Transcribe the entries below word for word, beginning at the line with "assina pela Astana!" and stopping after the line with "Casă cu 5 camere"; drop all pictures.
==================================================
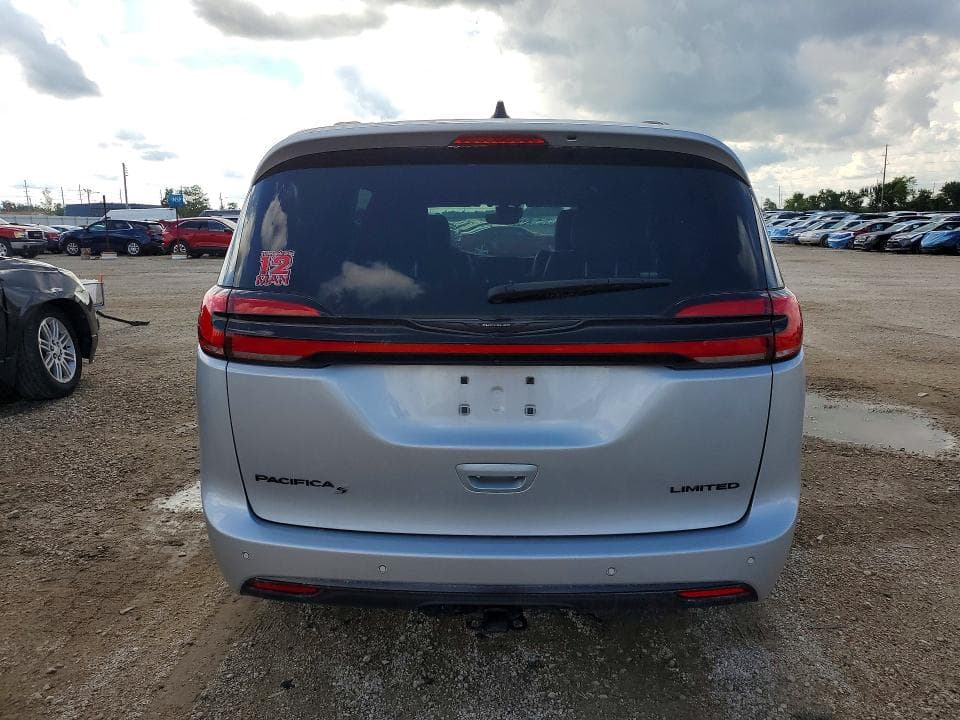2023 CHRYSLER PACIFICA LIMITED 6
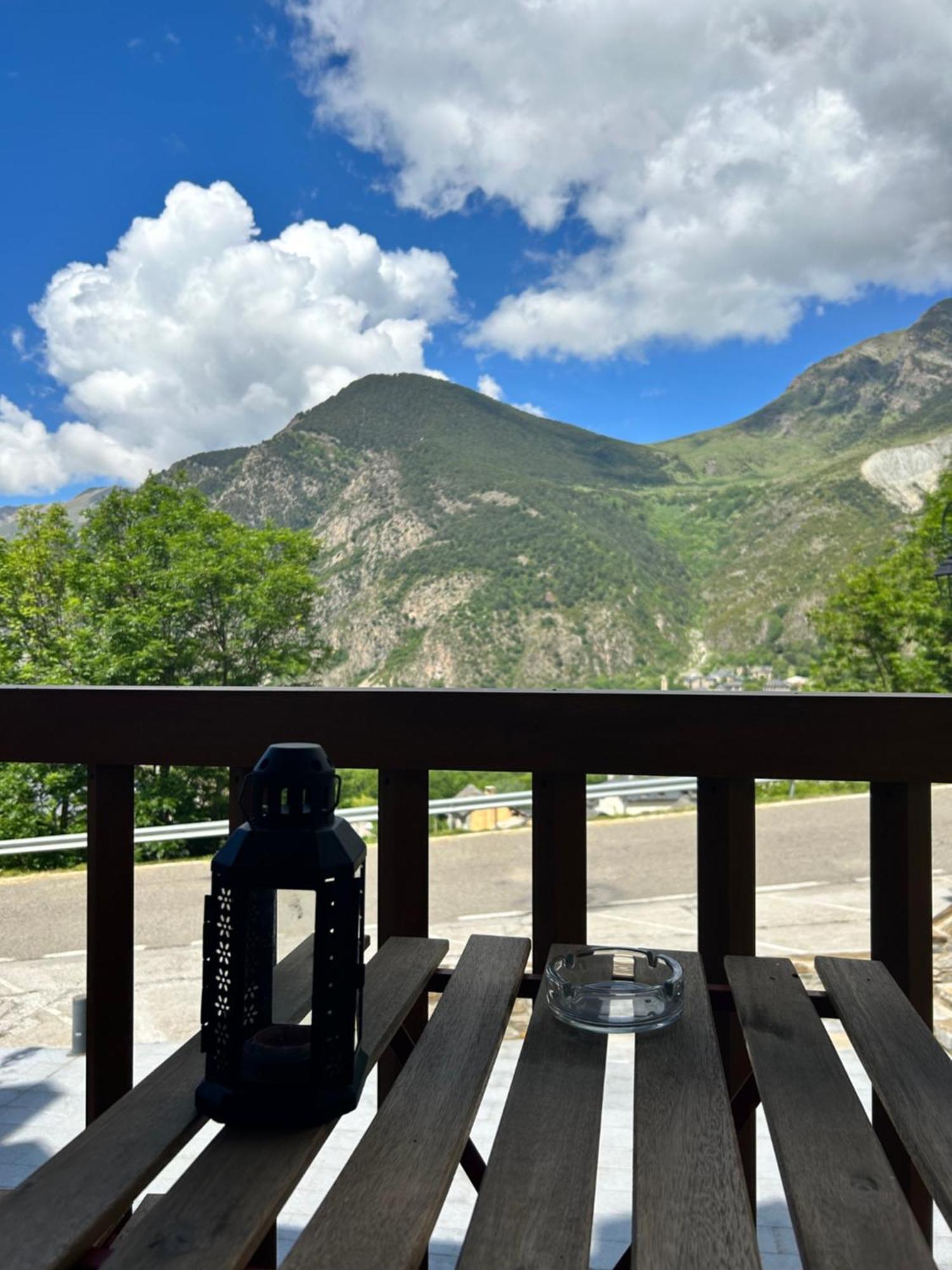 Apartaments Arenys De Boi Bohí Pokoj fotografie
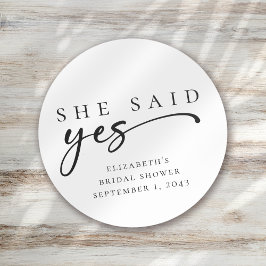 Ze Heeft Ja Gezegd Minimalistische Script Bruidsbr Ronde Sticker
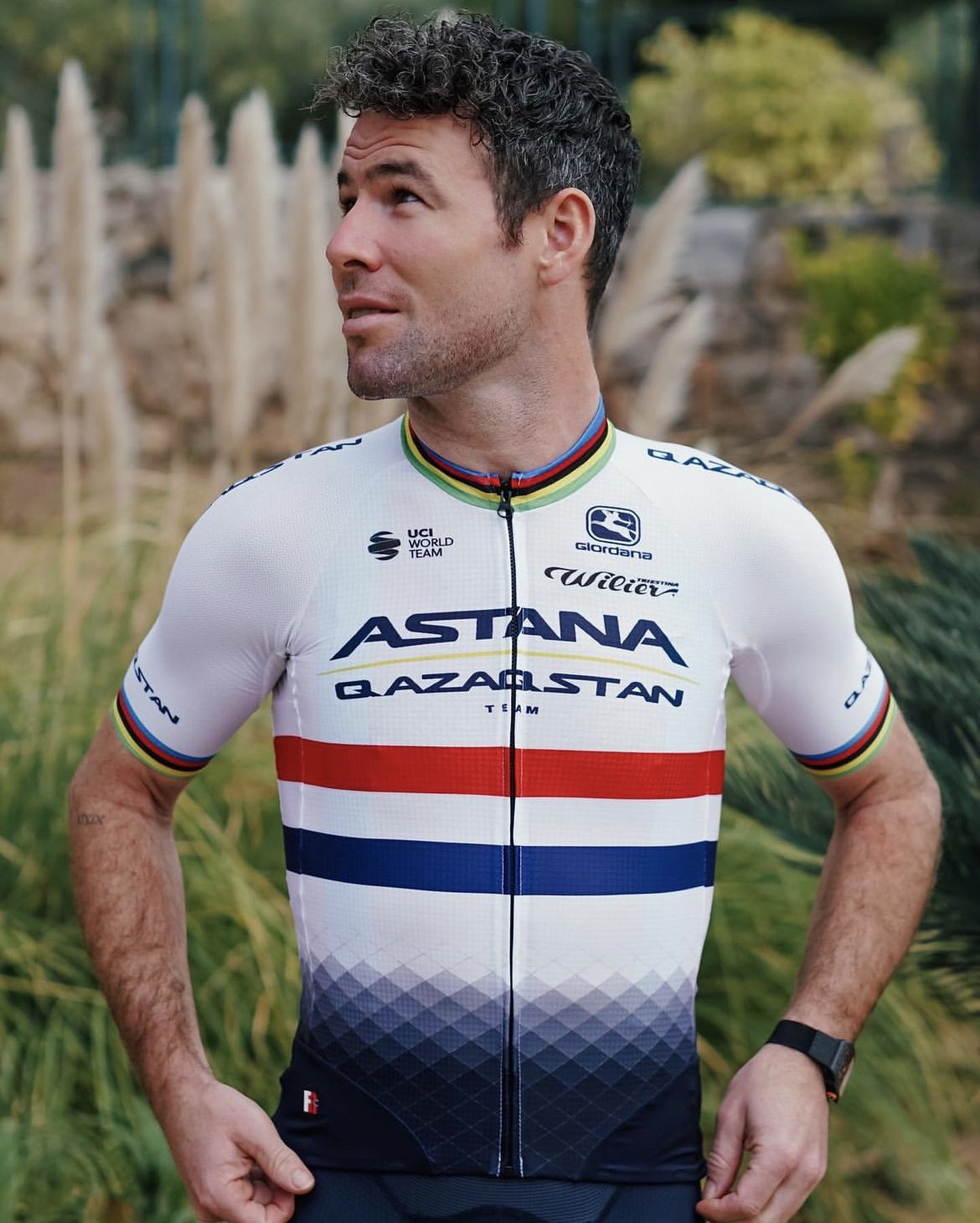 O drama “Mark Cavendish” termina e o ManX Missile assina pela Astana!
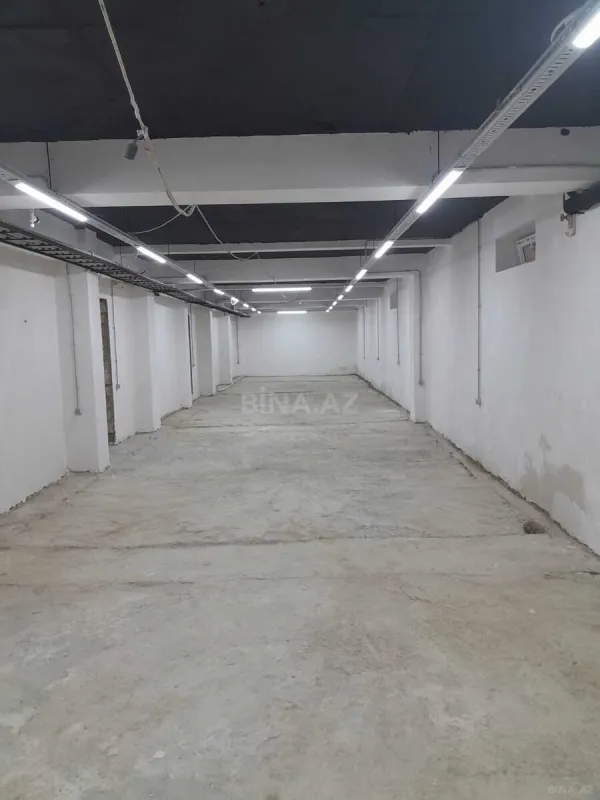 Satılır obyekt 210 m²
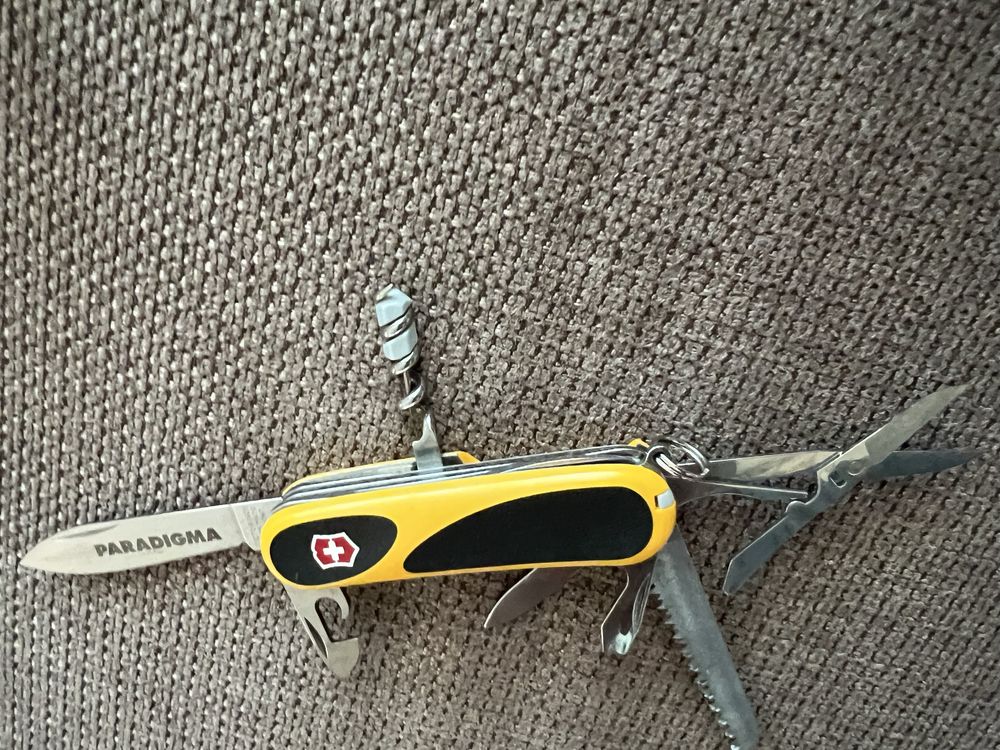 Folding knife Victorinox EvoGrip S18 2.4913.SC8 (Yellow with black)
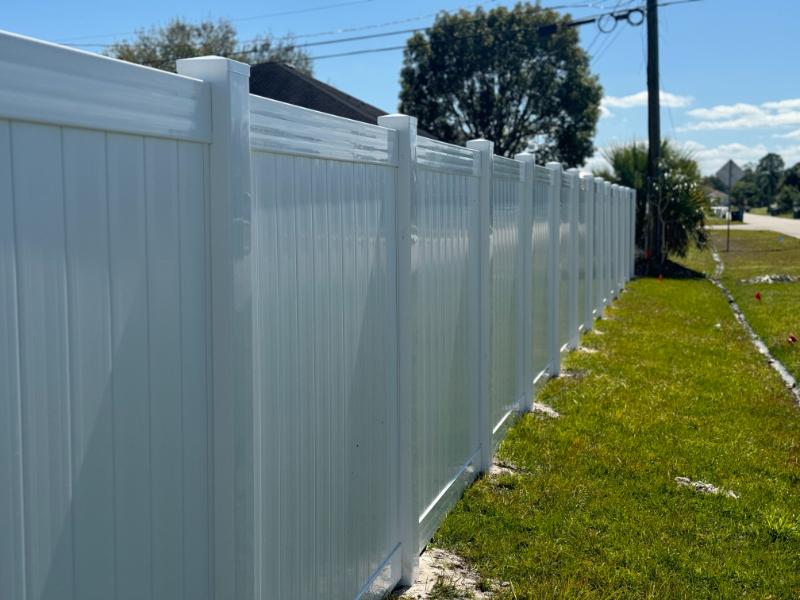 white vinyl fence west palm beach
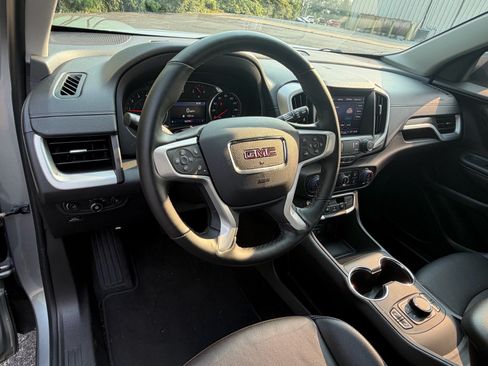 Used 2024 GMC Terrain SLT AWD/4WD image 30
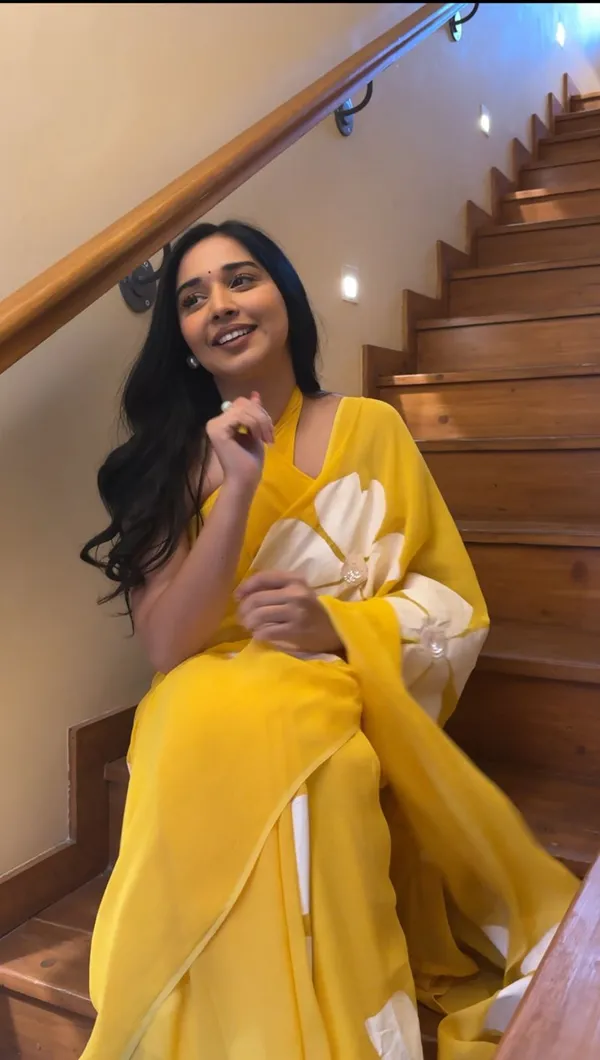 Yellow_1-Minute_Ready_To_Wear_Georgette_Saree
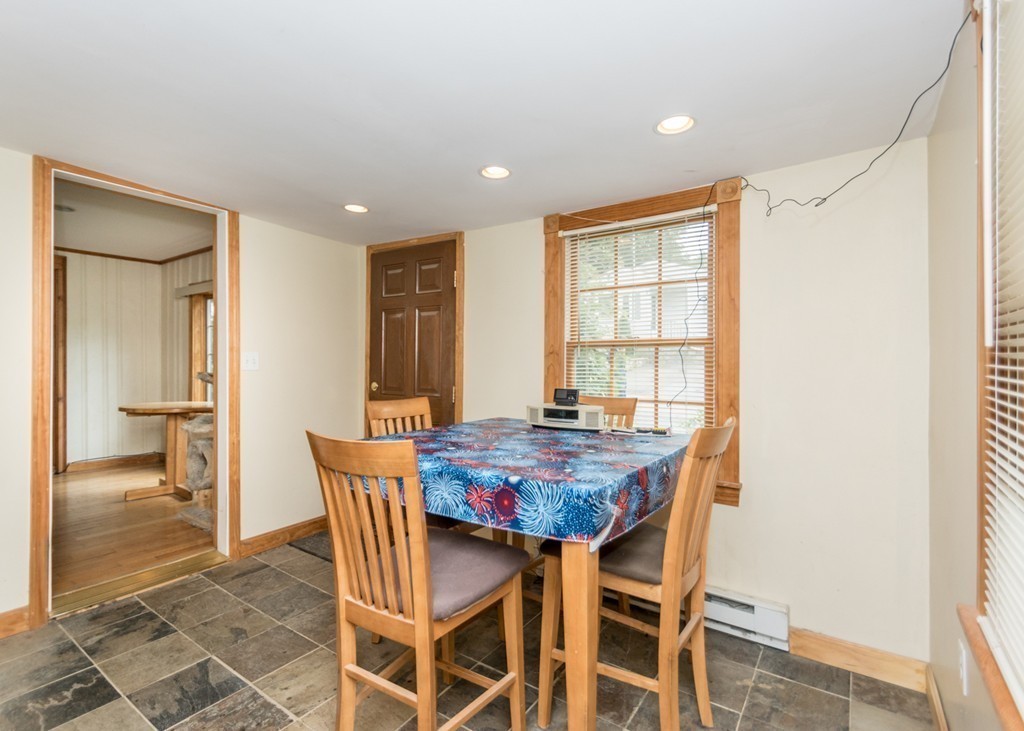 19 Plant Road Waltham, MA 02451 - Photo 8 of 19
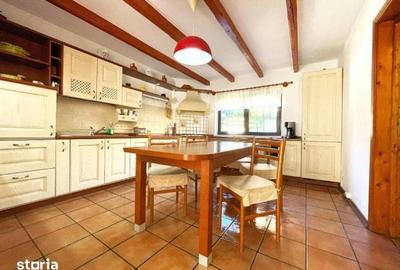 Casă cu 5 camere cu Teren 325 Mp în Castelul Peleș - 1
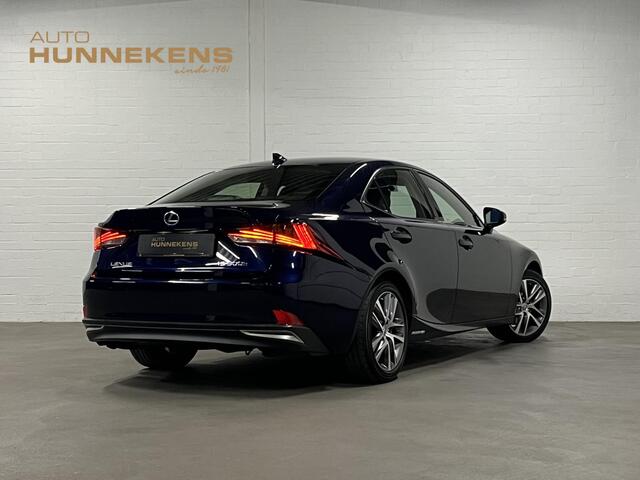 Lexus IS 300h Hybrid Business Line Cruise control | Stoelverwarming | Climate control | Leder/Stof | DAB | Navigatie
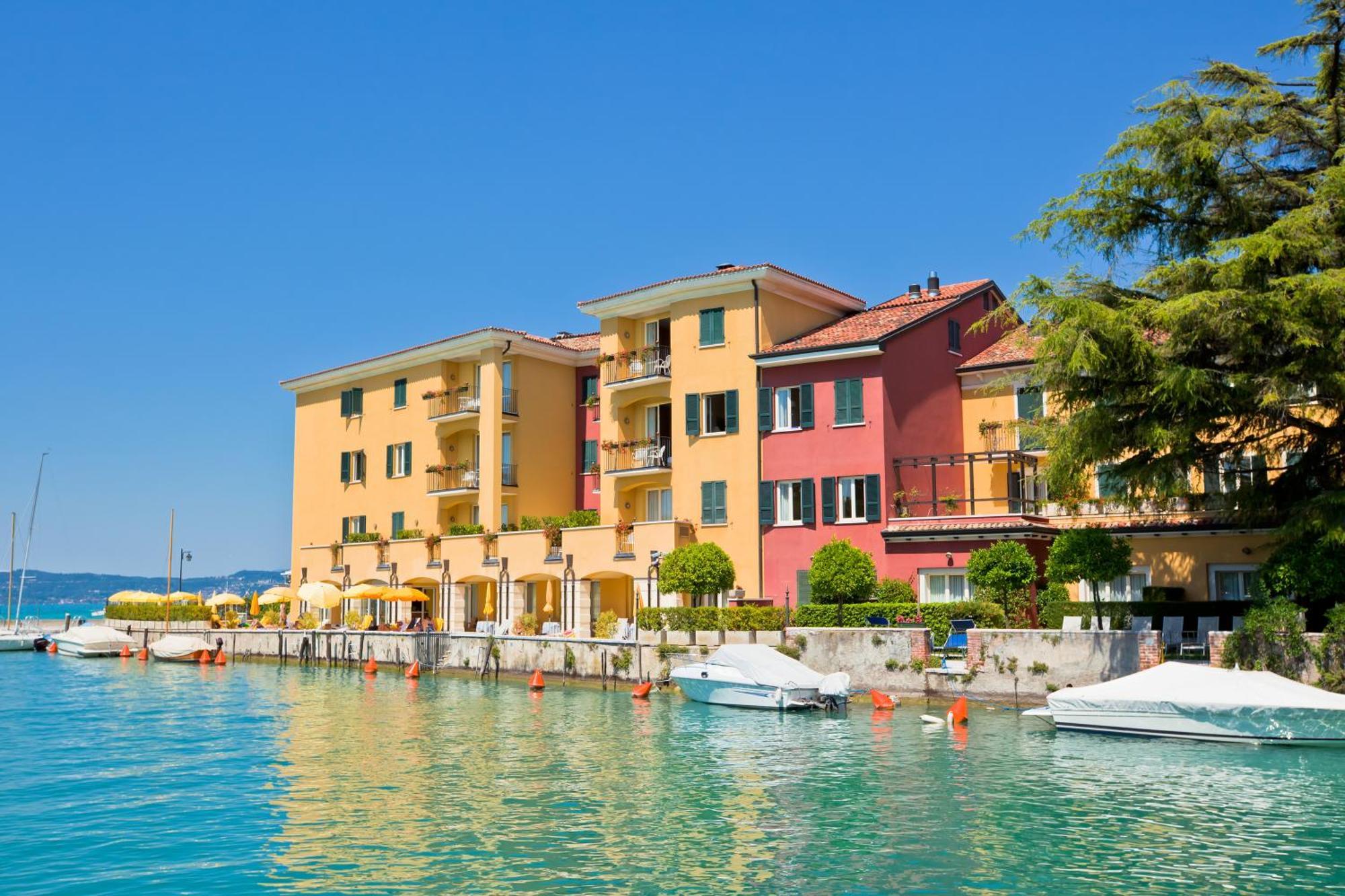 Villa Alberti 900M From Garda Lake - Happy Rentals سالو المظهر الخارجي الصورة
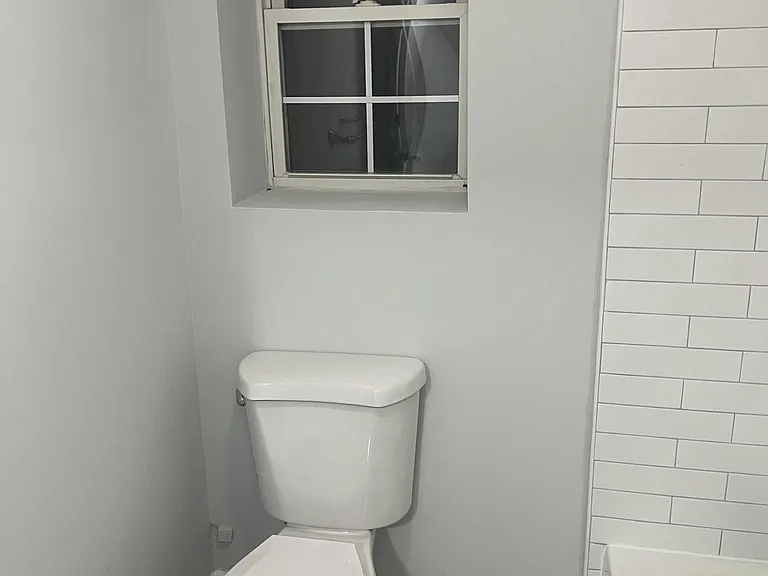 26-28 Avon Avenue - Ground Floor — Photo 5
==================================================
WRITTEN ANSWER -
 O drama “Mark Cavendish” termina e o ManX Missile assina pela Astana!
 Satılır obyekt 210 m²
 Folding knife Victorinox EvoGrip S18 2.4913.SC8 (Yellow with black)
 white vinyl fence west palm beach
 Used 2024 GMC Terrain SLT AWD/4WD image 30
 Yellow_1-Minute_Ready_To_Wear_Georgette_Saree
 19 Plant Road Waltham, MA 02451 - Photo 8 of 19
 Casă cu 5 camere cu Teren 325 Mp în Castelul Peleș - 1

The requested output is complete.